As may be seen in FIG. 2, the lane 212 curves to the right. However, as will be appreciated, this is merely an example, and the lane 212 may curve to the left and/or rise or fall in elevation. As described above, the direction the lane 212 is curving may be determined based on right steering, the vanishing point of the lane 212 being to the right of image center, small (i.e., far) vehicles detected to the right of image center, and the like. Thus, in the example of FIG. 2, the second ROI should be located on the right side of image 210.
Once the first image 220 and the second image 230 (and/or any additional images corresponding to additional ROIs) are determined, the ROIs may be subject to upscaling and/or downscaling. In this example, the first image 220 may be downscaled and the second image 230 may be upscaled. The downscaled first image 220 and the upscaled second image 230 may be processed to detect obstacles (e.g., other vehicles, humans, animals, debris, construction barriers, etc.) or other items of interest (e.g., traffic signs, railway crossings, stopped school buses, etc.). Thereafter, one or more autonomous control signals may be generated to operate the vehicle based on the object detections. Such operations may include steering, braking, accelerating, etc.

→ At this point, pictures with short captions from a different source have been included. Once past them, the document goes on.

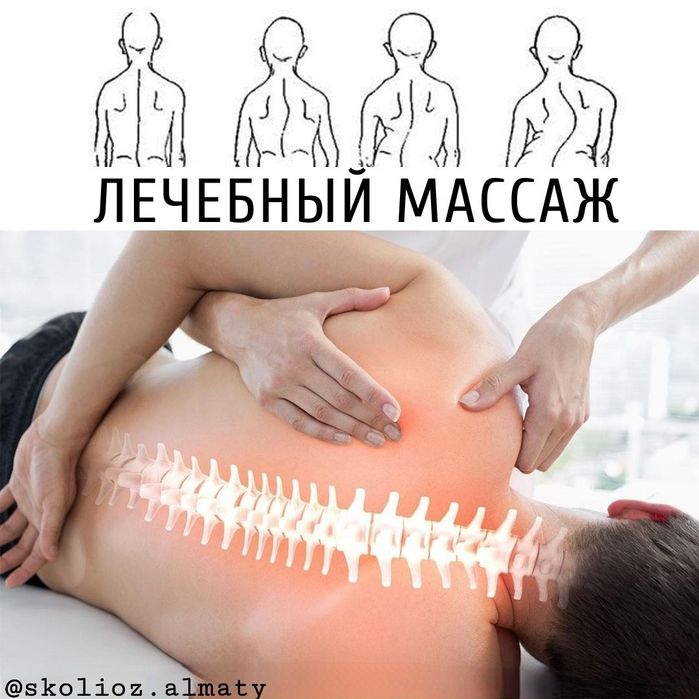 Лечение  сколиоз, грыжи позвоночника, протрузии, остеохондроза.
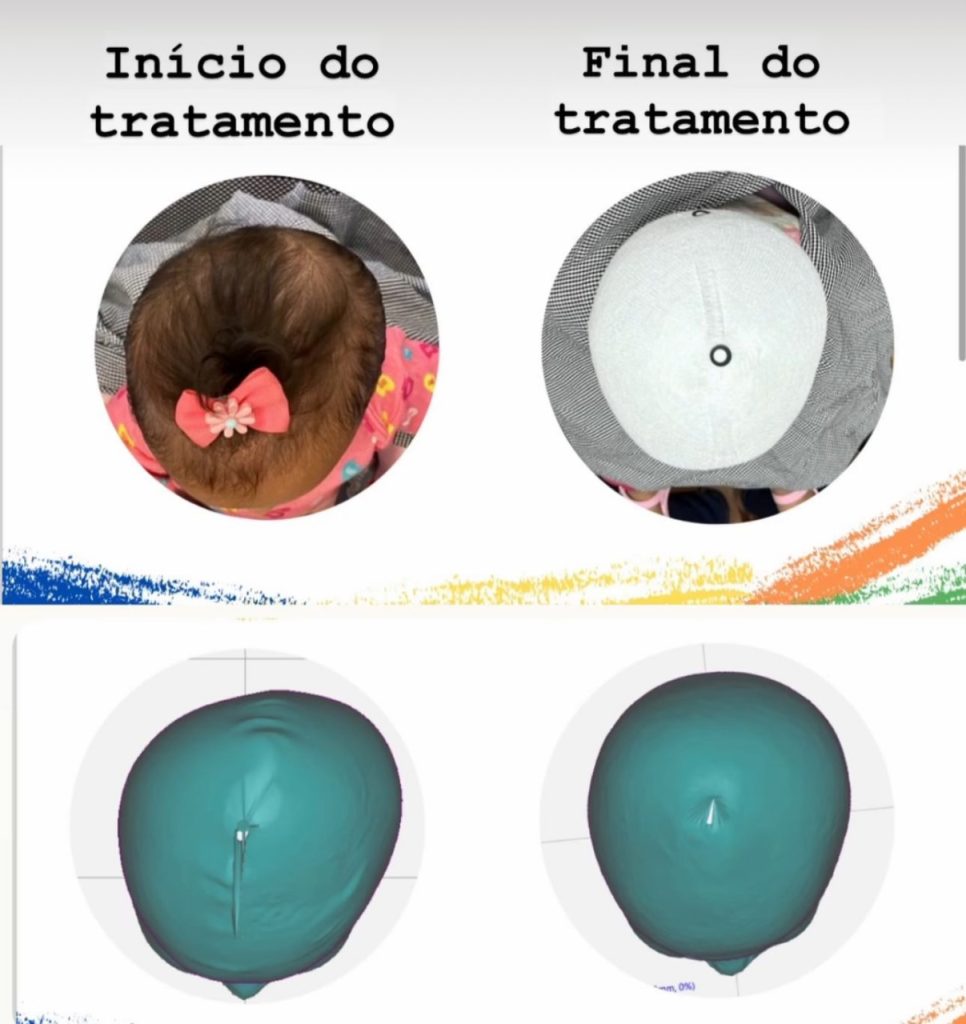Instituto Fábio Soler » ASSIMETRIAS E ÓRTESES CRANIANAS 3D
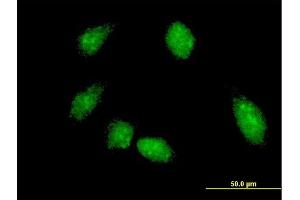 Immunofluorescence of monoclonal antibody to FLI1 on HeLa cell. (FLI1 antibody  (AA 1-452))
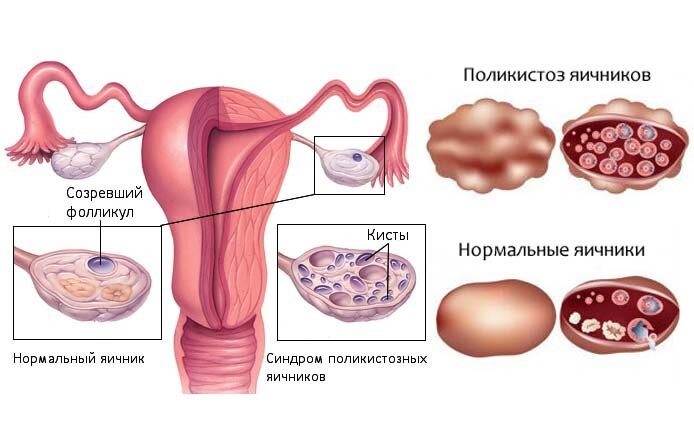 Мультифолликулярные яичники - 30 ответов - Планирование беременности - Форум Дети дачник-4.рф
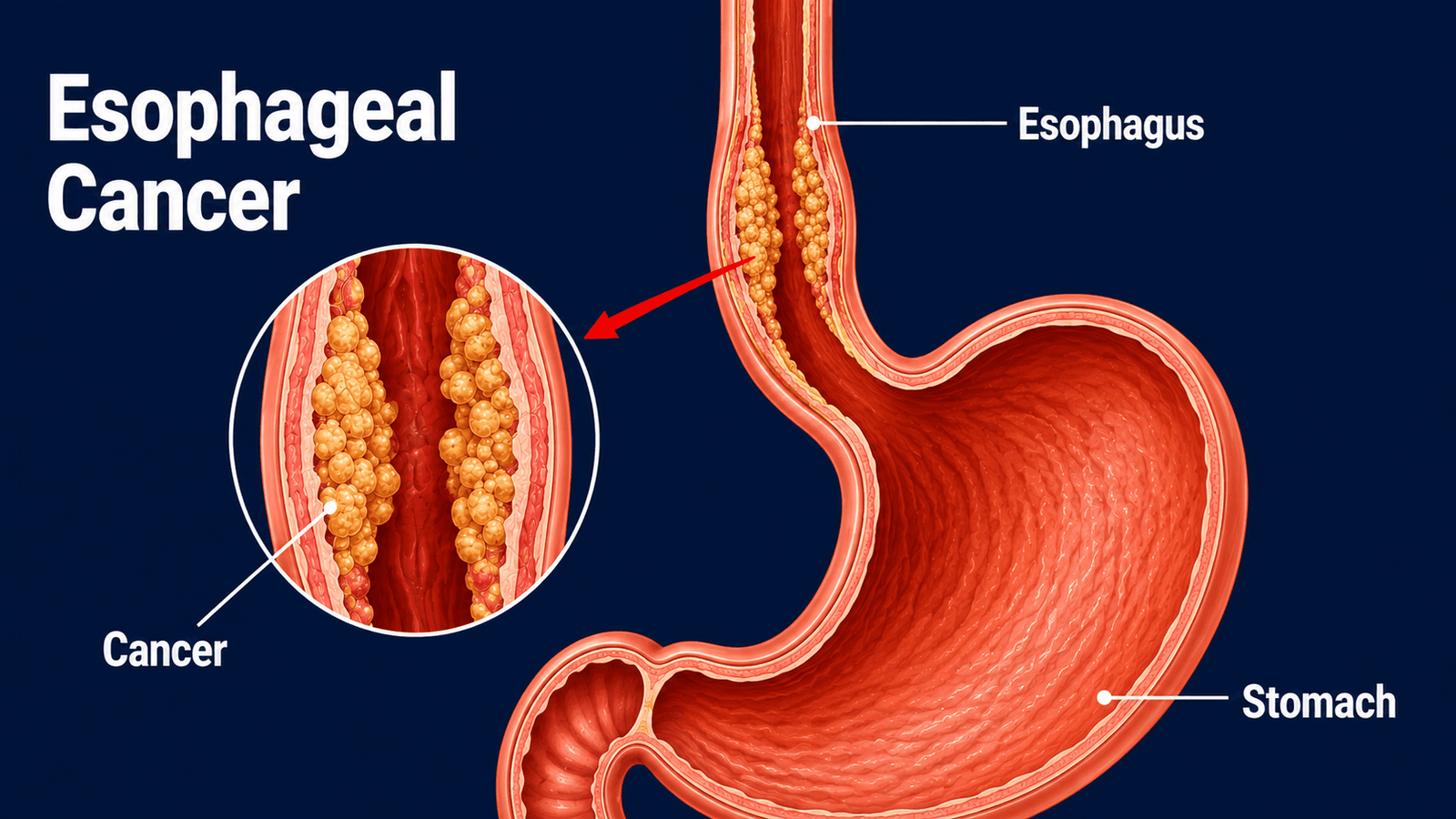 Esophagus cancer treatment in India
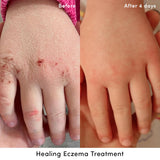 Evereden Crème Eczéma – Application sur les mains sèches pour une hydratation ciblée.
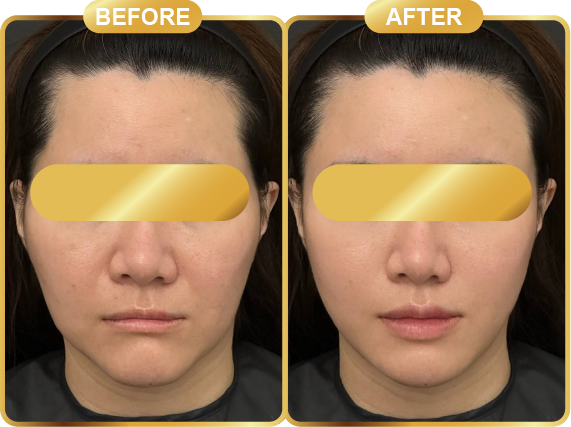before & after-51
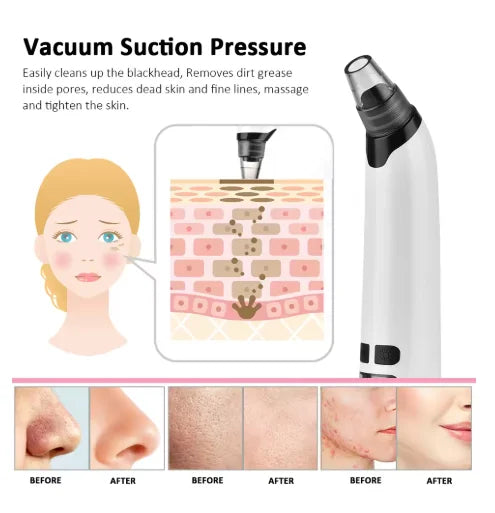 Face Vacuum Suction Blackhead Remover – Electric Pore Cleaner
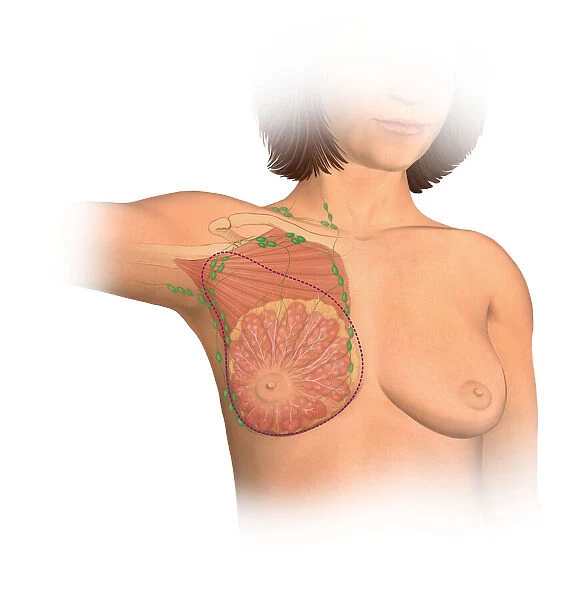 Anterior view female anatomy showing breast tissue and muscle affected by a radical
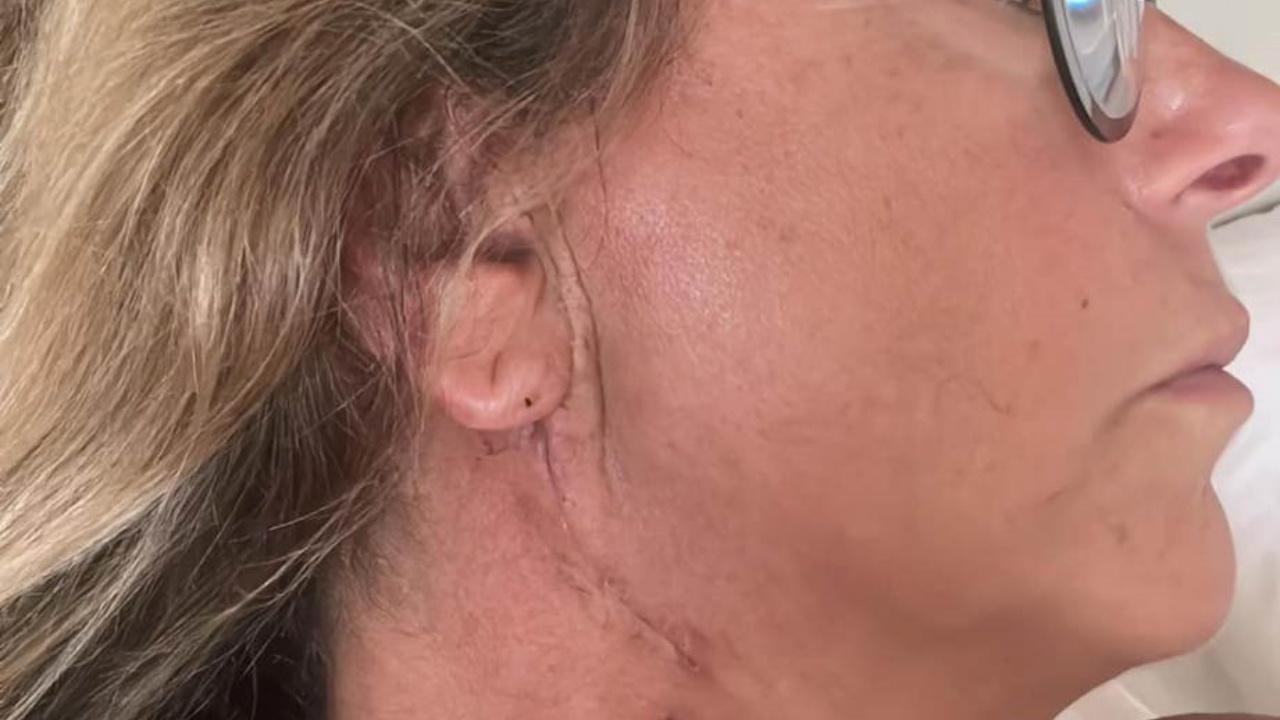 Roberta Beta Adenoma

FIG. 3 illustrates lane information in accordance with some examples of the disclosure. FIG. 3 illustrates an example 300 of setting an adaptive ROI using lane information. As discussed above, the lane information may be estimated from current or previous images, or given by an HD map (e.g., a lane level map) previously acquired, downloaded as needed, or previously stored in a memory. In example 300, an image 310 is captured by a camera (not shown) and a bird's eye view 340 of the image 310 is generated by a processor (not shown). The image 310 may be processed to detect lane boundaries 314 using any known technique (e.g., lane boundary detection using a random sample consensus (RANSAC) method or segmentation using a deep neural network (DNN)). The lane boundary detections are then projected onto the bird's eye view 340 as lane boundaries 344. The lane boundaries 344 may then be extrapolated to a point further down the roadway (e.g., the vanishing point of the lane boundaries 314 in the image 310) using a second or higher-order polynomial, for example. An expected path 316 and 346 of the roadway may be determined in the image 310 and the bird's eye view 340, respectively, using the extrapolated lane boundaries 314 and 344, respectively. An expected vehicle position 348 after t seconds (e.g., two seconds) may be determined in the bird's eye view 340. The expected vehicle position 348 may depend on vehicle speed, steering wheel position, blinker status (which may indicate whether the vehicle is changing lanes, turning, taking an exit, etc.), etc. The expected vehicle position 348 may be projected back to the image 310 as expected vehicle position 318. An ROI 302 may be determined as a rectangle (or other shape) centered at the expected vehicle position 318.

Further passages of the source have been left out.